I’ve never been comfortable with the concept of rationality in economics, at least, if rationality is defined as maximizing or minimizing a certain function, largely because maximizing and minimizing take effort, and people avoid effort (it is a bad not a good). So when I read jive about information cascades, I roll my eyes. Don’t get me wrong, I like Dr. Schiller; he’s a clever guy. What is meant by information cascades is a sudden acknowledgment of things that were obvious, but ignored, because economic actors decided to follow the crowd.

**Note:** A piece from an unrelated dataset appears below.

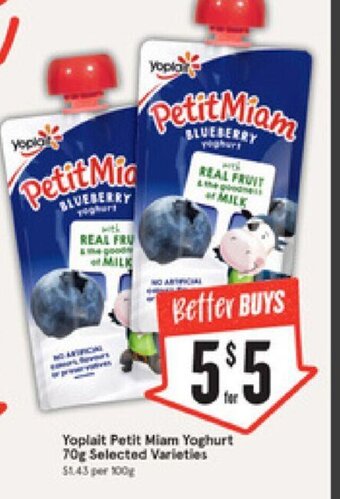 IGA Yoplait Petit Miam Yoghurt 70g offer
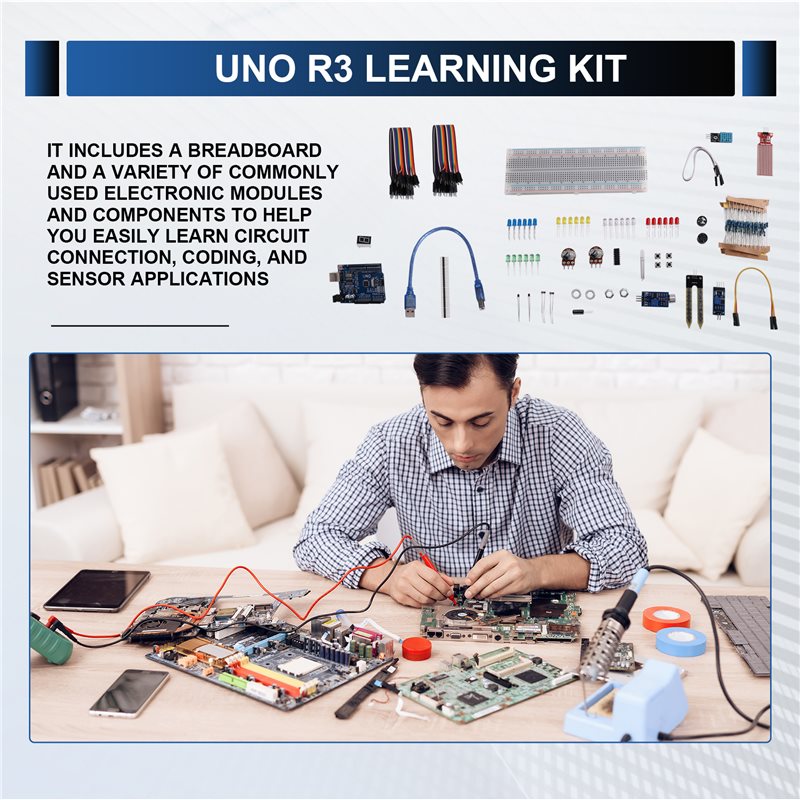 Arduino Uno Starter Kit - Kit de démarrage B24B pour Arduino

Now, in the equity markets, momentum players can make money, but they have to cut their losses, and not stay at the game too long on any individual stock that is falling. Houses are far less liquid than stocks, so the threshold to act is that much higher, plus for those that have mortgages, the leverage magnifies the pain when prices fall. Thus people delay acting, and when they act, because a pain threshold has been crossed, they act all at once.
Is this an “information cascade?” I think not. It is more akin to “gunning the stops” in an equity market. As prices fall, more people decide to sell to preserve some value, and prices go down more than anticipated. It is not so much a question of information, but fear that drives the trade.
Information takes a different form. Those who analyze their borrowings such that they know that it is unlikely that they will ever be forced to sell have genuine information. They have sized their borrowings appropriately. They are relying on the table model of stability, rather than the bicycle model (stable so long as you keep moving).
We don’t get dramatic moves in markets from information cascades, but from levered borrowers that are forced to sell for one reason or another. These are borrowers that lacked information. They became “informed” because of price moves that they did not anticipate.